§ **Prompt**: Retype the material that follows exactly, limited to the lines from the one with "1731311464996627.jpg 305.jpg" through the one with "White-backed vulture (Gyps africanus)", and keep out all pictures.

§ **Input data**:
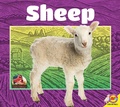 Cover: Sheep - Weigl Publishers Inc.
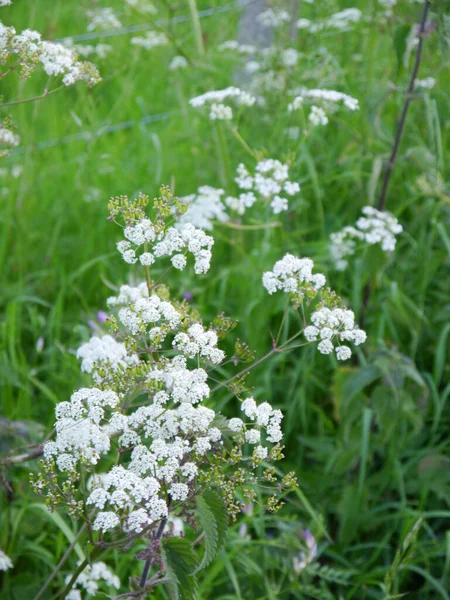 Quelques fleurs blanches de persil de vache sur fond vert — Photo
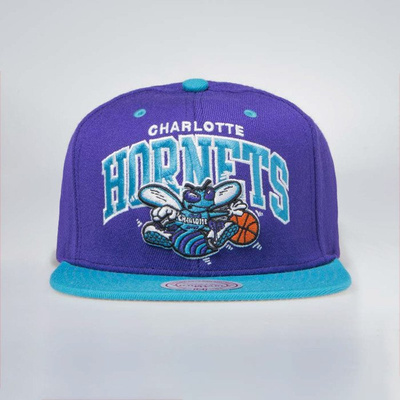 Mitchell & Ness Charlotte Hornets Snapback Cap purple / teal Team Arch 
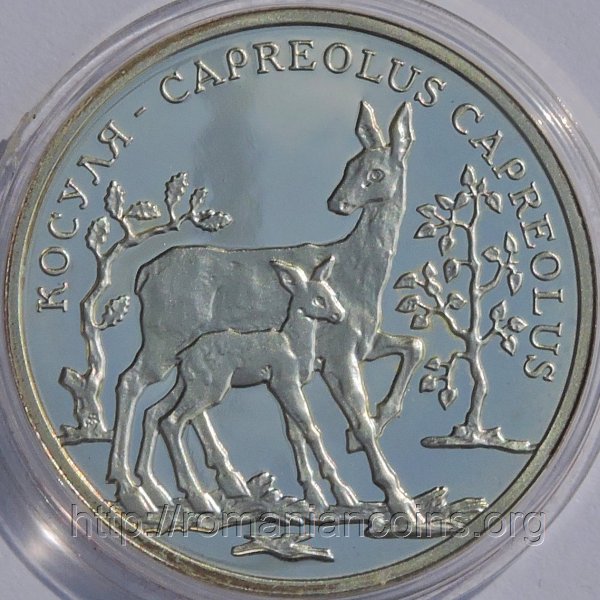 100 ruble 2004 - Fauna Transnistriei - c�prioar� (Transnistria - Republica Moldova)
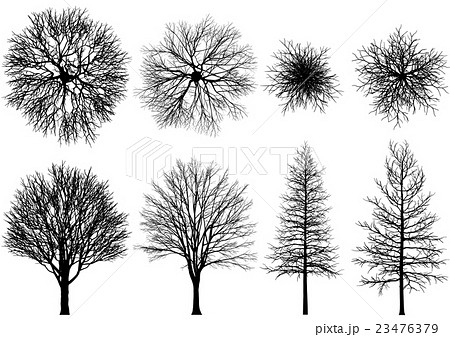 木 冬枯れ 俯瞰 ベクター のイラスト素材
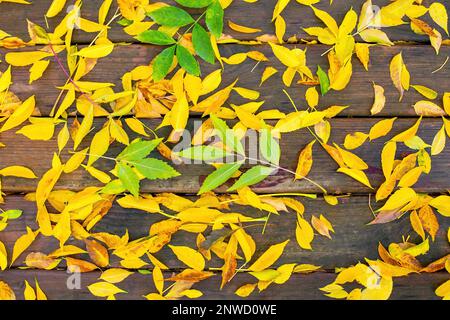 Foglie autunnali cadenti su un table.Yellow verde foglie di legno Foto Stock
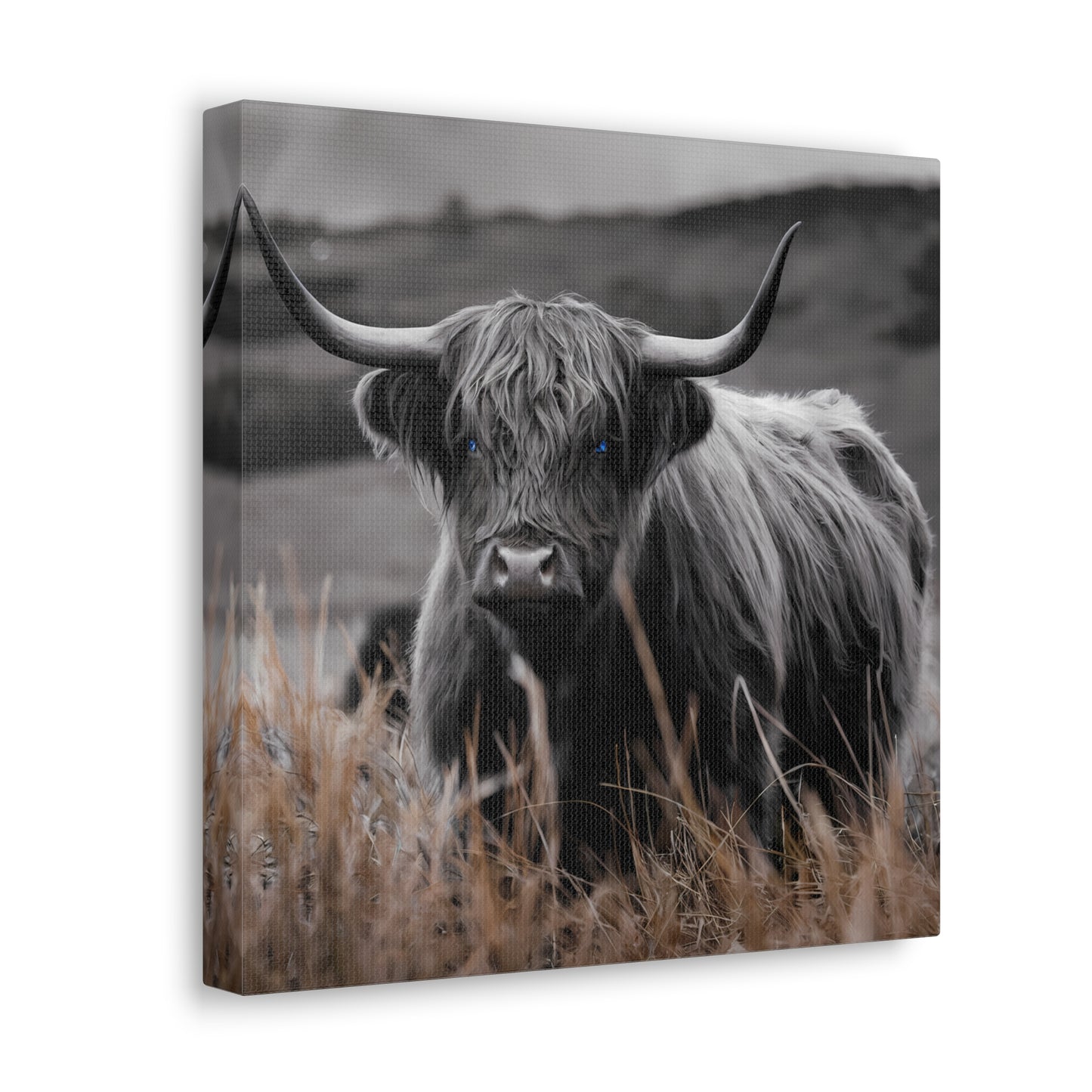 Majestic Highland Cow Canvas Print - 8K Cinematic Wall Art - Monochromatic Wall Art Print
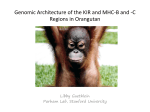 C Regions in Orangutan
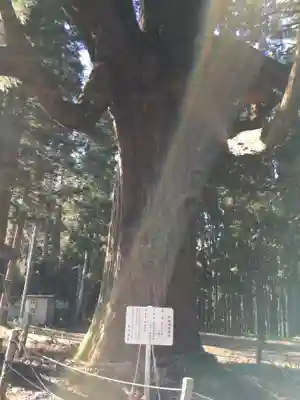 中畑神社の自然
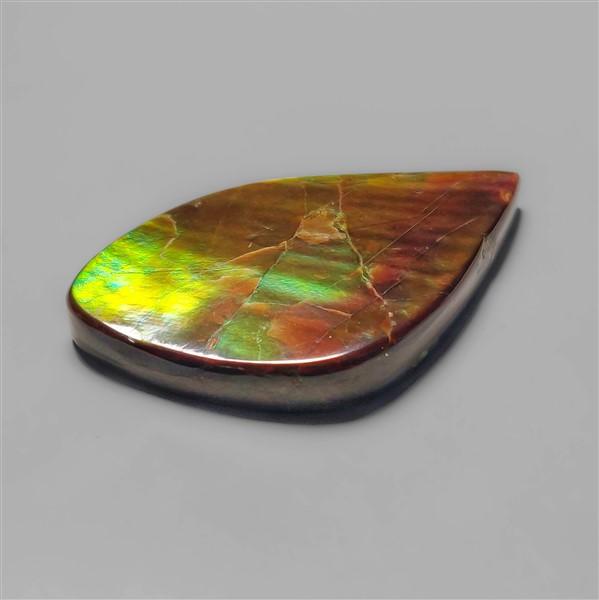 Ammolite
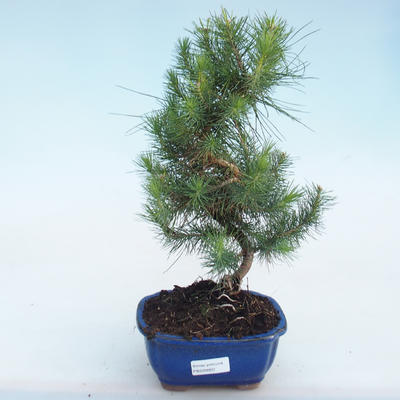 Kryty sosna bonsai-Pinus halepensis-Aleppo PB220803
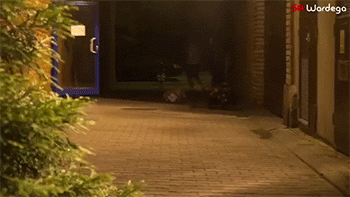 7aa98e72gw1ek36rqpz31g209q05hu0x.gif
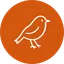 robynn.ai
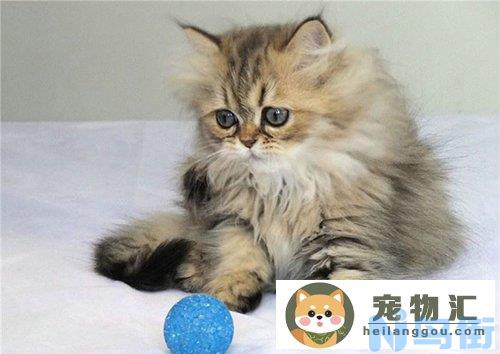 怎么养好一只金吉拉猫 金吉拉猫如何饲养？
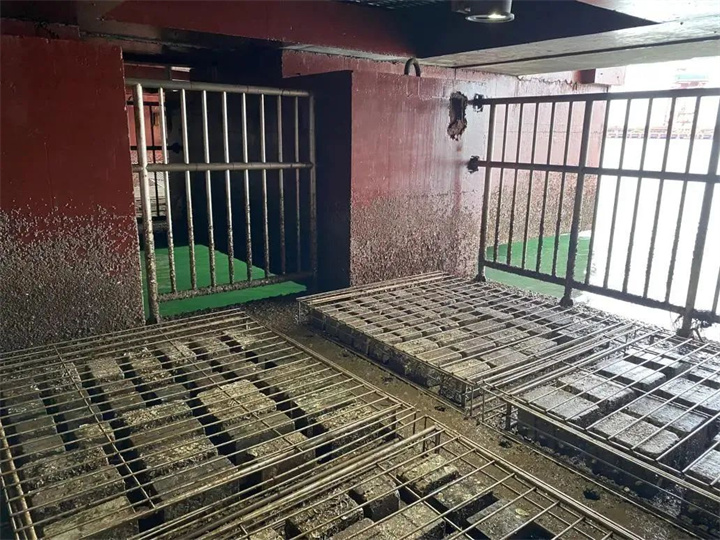 1731311464996627.jpg 305.jpg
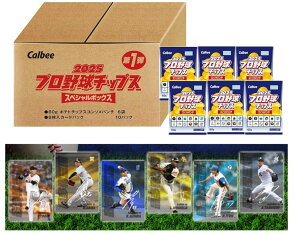 [v싅`bvX]Jr[ 2025 v싅`bvX XyV{bNX 1e 360g ܂Ƃߔ J[h80u60gv싅`bvXR\p`v×6܂8J[hpbN×10pbN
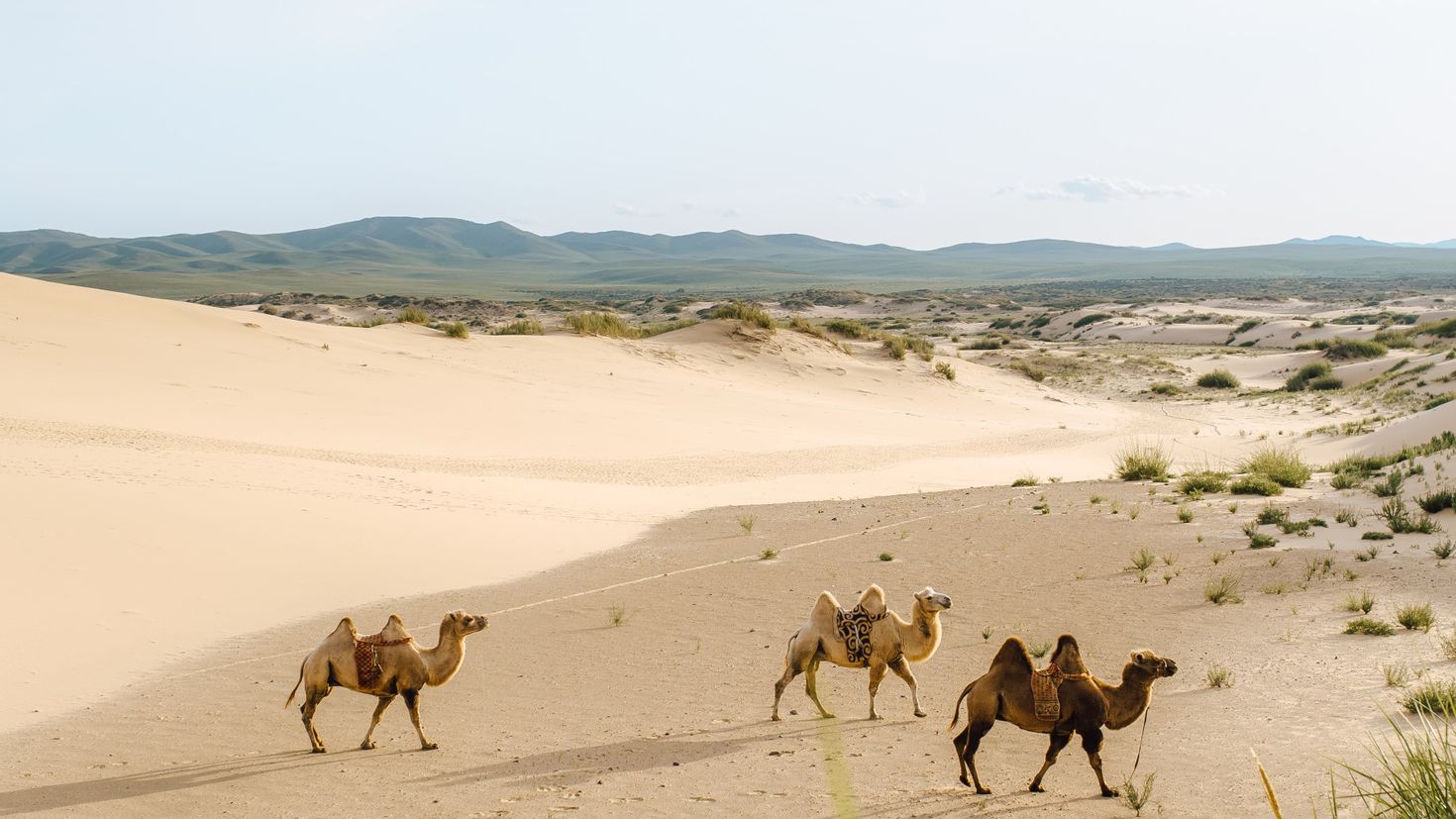 Оазис животные. Пустыня Каракум Оазис. Пустыня Кызылкум Узбекистан Верблюды. Небит Даг верблюд. Лошадь пустыни Кызылкум.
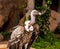 White-backed vulture (Gyps africanus)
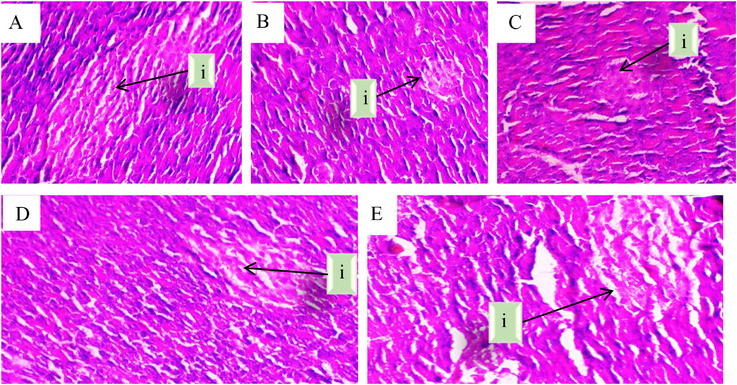 PMC13138695 – cbdv71277-fig-0001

§ **Task result**:
 1731311464996627.jpg 305.jpg
 [v싅`bvX]Jr[ 2025 v싅`bvX XyV{bNX 1e 360g ܂Ƃߔ J[h80u60gv싅`bvXR\p`v×6܂8J[hpbN×10pbN
 Оазис животные. Пустыня Каракум Оазис. Пустыня Кызылкум Узбекистан Верблюды. Небит Даг верблюд. Лошадь пустыни Кызылкум.
 White-backed vulture (Gyps africanus)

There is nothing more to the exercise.